A third-party audit is a great way to improve network security, but enterprise IT teams must recognize that they have a part to play in the process.
At Turn-key Technologies (TTI), we speak to hundreds of IT professionals each year, many of whom tell us the same thing: enterprise cybersecurity is getting harder. Thanks to an IoT- and BYOD-driven explosion of network endpoints, the average American enterprise now receives tens of thousands of cybersecurity alerts every day.
Understandably, this flood of alerts — some of them legitimate, most of them false alarms — has led many enterprise IT teams to adopt less-than-optimal cybersecurity practices. In fact, research suggests that as many as a third of enterprise network security professionals frequently ignore alerts from their cybersecurity systems, often because they’re simply too overwhelmed to manually attend to each and every one.
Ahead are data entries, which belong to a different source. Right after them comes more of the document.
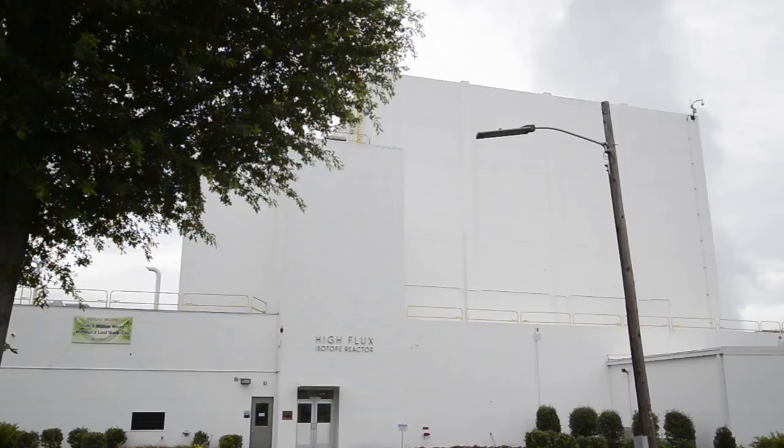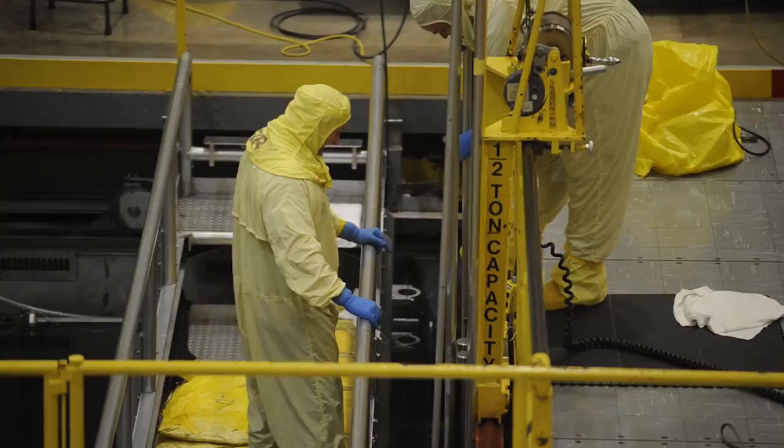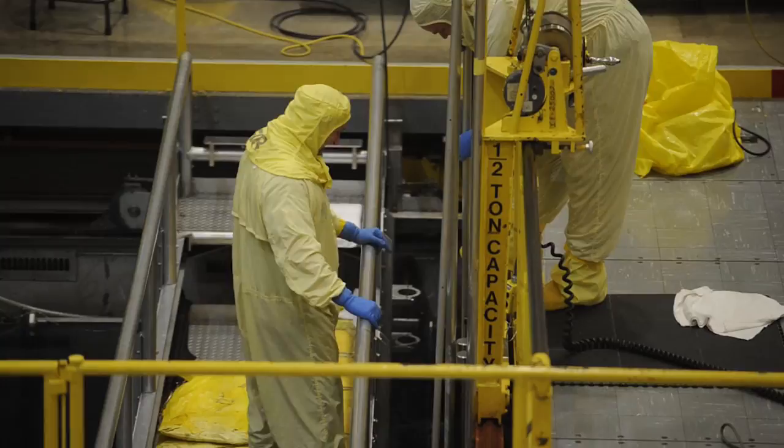Big picture, the reactor is here to make neutrons to support science. Our job is to connect scientists with those neutrons, and a condition of our employment is to do it very safely and in full compliance.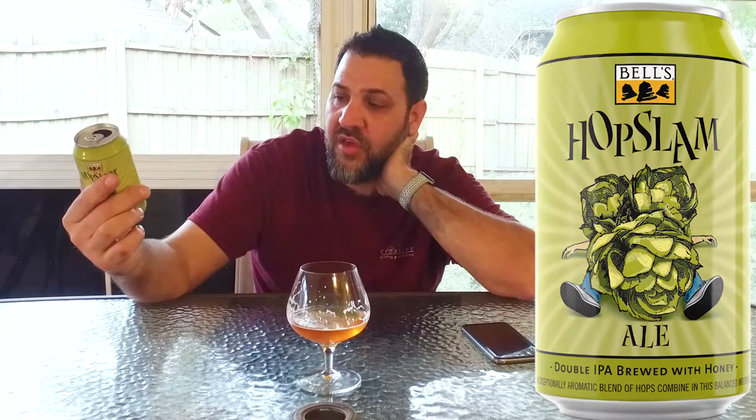This is a beer you could definitely have a couple of, but at 10% that would creep up on you pretty quick. The can's pretty cool — it looks like a guy that got knocked down by three big hops, which is a little different for Bell's from their normal cans. It says 'Double India Pale Ale brewed with honey.' This is a Ball can. It reads: 'An exceptional aromatic blend of hops combined in this balanced interpretation of the double IPA style, best enjoyed as fresh as possible.' So yeah, they recommend drinking this as soon as you get it.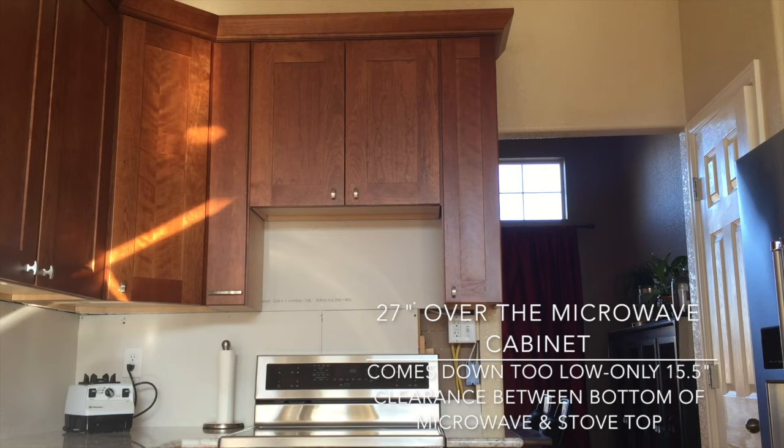That is really not enough room to work with on your stovetop — it's definitely not the ideal clearance. You want somewhere around minimally 18 inches, ideally around the 20-inch mark, to have a nice amount of space. You want to be able to see the back of your stove and be able to put a stock pot on your back burners and have room to work with it.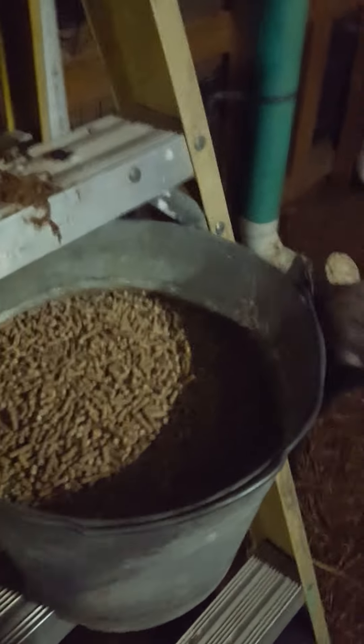So fill up the feeder guys, I'm gonna put some diatomaceous earth — 1 cup of diatomaceous earth, good for worms or something. Mix it up. Fill it up.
In an attempt to alleviate some of the pressure placed on their in-house IT teams, many enterprises have opted to partner with a network security expert like TTI to improve their cybersecurity posture. According to antivirus software giant McAfee, over 60% of enterprises currently outsource at least some of their critical cybersecurity operations, a figure the company expects to rise as the current cybersecurity skills shortage only gets worse.
More often than not, these kinds of cybersecurity partnerships begin with a network security audit, a process that helps the outside expert get the lay of land. To help these auditors understand exactly what protocols and infrastructure they’re working with and implement the best possible security measures, there are a number of preparatory steps enterprises can take to ensure that the audit goes smoothly.
As the old adage goes, “You can’t manage what you can’t measure.” Nowhere is this truer than in enterprise cybersecurity, as it’s impossible to secure a network without any understanding of all the devices connected to it.
Keeping a running list of every device on an enterprise network has become increasingly difficult in recent years, as such tallies must now include not only “traditional” connections like desktops and laptops, but mobile and/or IoT connections like cell phones, printers, and even security cameras. That said, from an auditor’s perspective, even a rough estimate of the number (and type) of connections in play can be a helpful starting point.
Once an enterprise knows what devices are connected to its network, it needs to dig deeper into how that connectivity is being used. Software and firmware have become as varied as the devices on which they run, and different applications expose enterprises to different kinds of risk. For instance, most IoT devices run simplified operating systems like TinyOS, Nano-RK, or Mantis that are harder to secure than a traditional Windows or Mac OS configuration, and a mere 37% of enterprises currently have well-established IoT security protocols in place.
Robust cybersecurity isn’t only determined by the specific hardware, software, and firmware connected to an enterprise’s network. Each of these systems’ configurations matter, too.
A typical operating system offers enterprise IT professionals a wealth of settings with which they can fine-tune their network security, from password length and complexity requirements, to port availability, to tightly controlled login intervals. What’s more, as Network Computing points out, “There are tons of additional security feature sets available with WiFi devices, including QoS control options…port filtering, IP packet filtering, URL keyword filtering, MAC address filtering, and integrated firewall support.”
Finally, no matter how precisely an enterprise configures its hardware and software, the effectiveness of its cybersecurity posture ultimately depends on its employees’ behavior. Providing extensive cybersecurity training is important, but abiding by the principle of least privilege (PoLP) can function as an excellent failsafe for when employees inevitably make a mistake.
PoLP dictates that each individual employee — or even each individual device — is granted the lowest level of system privileges they need to execute their duties properly. This not only prevents lower-level employees from accessing company data to which they shouldn’t be privy; it also decreases the odds that any given hijacked device will provide a cybercriminal with the credentials they need to wreak maximum damage (as only legitimate administrators will have admin-level access to company systems).